L’esercizio: recensione del libro di Claudia Petrucci. Scrivere la vita degli altri

 L’esercizio: recensione del libro di Claudia Petrucci. Scrivere la vita degli altri

L’esercizio: la trama del libro di Claudia Petrucci

Giorgia e Filippo sono una coppia apparentemente normale: lei lavora in un supermercato, lui gestisce il bar di famiglia. Si destreggiano fra bollette, affitto, aspirazioni mancate. Sperano in un futuro più roseo, intimamente consapevoli che questo, forse, non arriverà mai. L’equilibrio che li regge si basa su continue omissioni e travestimenti: Giorgia nasconde un malessere che la rode interiormente; Filippo schiva volutamente l’argomento. Entrambi alimentano la finzione, giorno dopo giorno, di una realtà accettabile e soddisfacente, sperando di rimandare il momento del crollo. Ma la bolla in cui vivono scoppierà ben presto, dando voce a tutte quelle tensioni sotterranee che minacciavano la distruzione.

Avevamo costruito insieme la nostra versione di realtà e la tenevamo in piedi in due, con enorme sforzo.

Tutto accade quando Giorgia incontra casualmente Mauro, il suo vecchio insegnante di teatro. Con lui riemerge un passato fino a quel momento rimasto nascosto: gli anni passati sul palcoscenico. Mauro le propone di ricominciare; lei si mostra incerta, ma, dopo l’incoraggiamento del proprio fidanzato, decidere di accettare.

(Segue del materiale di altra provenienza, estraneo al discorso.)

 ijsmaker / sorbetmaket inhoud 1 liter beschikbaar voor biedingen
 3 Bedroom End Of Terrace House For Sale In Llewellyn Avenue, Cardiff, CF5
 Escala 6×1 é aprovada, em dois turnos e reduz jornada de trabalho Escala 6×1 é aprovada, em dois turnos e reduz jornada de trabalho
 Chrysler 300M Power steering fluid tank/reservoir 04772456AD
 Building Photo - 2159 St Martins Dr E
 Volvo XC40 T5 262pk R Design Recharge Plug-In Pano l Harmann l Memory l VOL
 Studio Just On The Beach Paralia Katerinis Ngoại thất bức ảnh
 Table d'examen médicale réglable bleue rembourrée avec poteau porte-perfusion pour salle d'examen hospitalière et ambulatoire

Inizia, così, una vita diversa: ora il tempo è scandito dalle prove, dagli incontri di vecchi amici, dall’entusiasmo verso ciò che potrebbe accadere. Filippo resta travolto da questa nuova Giorgia, si chiede se la conosca davvero, se non gli abbia nascosto dell’altro. Le cose iniziano a prendere un nuovo equilibrio – forse finalmente tutto andrà per il verso giusto. Ma, arrivati al giorno della prima, accade l’irreparabile: Giorgia tenta di buttarsi da una finestra, convinta di poter volare. È rimasta intrappolata nel personaggio che avrebbe dovuto interpretare e pare essersi smarrita nei meandri del proprio io.

Quando Filippo rivede Mauro sono passate delle settimane: Giorgia è stata portata in una clinica e non dà alcun segno di miglioramento; le macerie della loro vita ormai distrutta sono dappertutto. L’idea dell’esercizio nasce quasi casualmente, quando tutto ormai sembra essere perduto – come un ultimo tentativo di risanare la realtà. Si tratta, in fondo, solo di ripercorrere i propri ricordi, prendere appunti, costruire e ricostruire la Giorgia che hanno conosciuto – e così, forse, riportarla alla luce.

Il potere della rappresentazione

 Credere di conoscere qualcuno tanto a fondo da poterlo ricucire insieme, tuttavia, è un’idea assolutamente pericolosa. Quanto è reale, infatti, ciò che ci è stato mostrato? Quanto, invece, proviene dalla nostra interpretazione? Ma, soprattutto: è giusto provare a imporre la nostra versione del mondo agli altri, quando questi ultimi si trovano in una posizione di debolezza e sudditanza assoluta?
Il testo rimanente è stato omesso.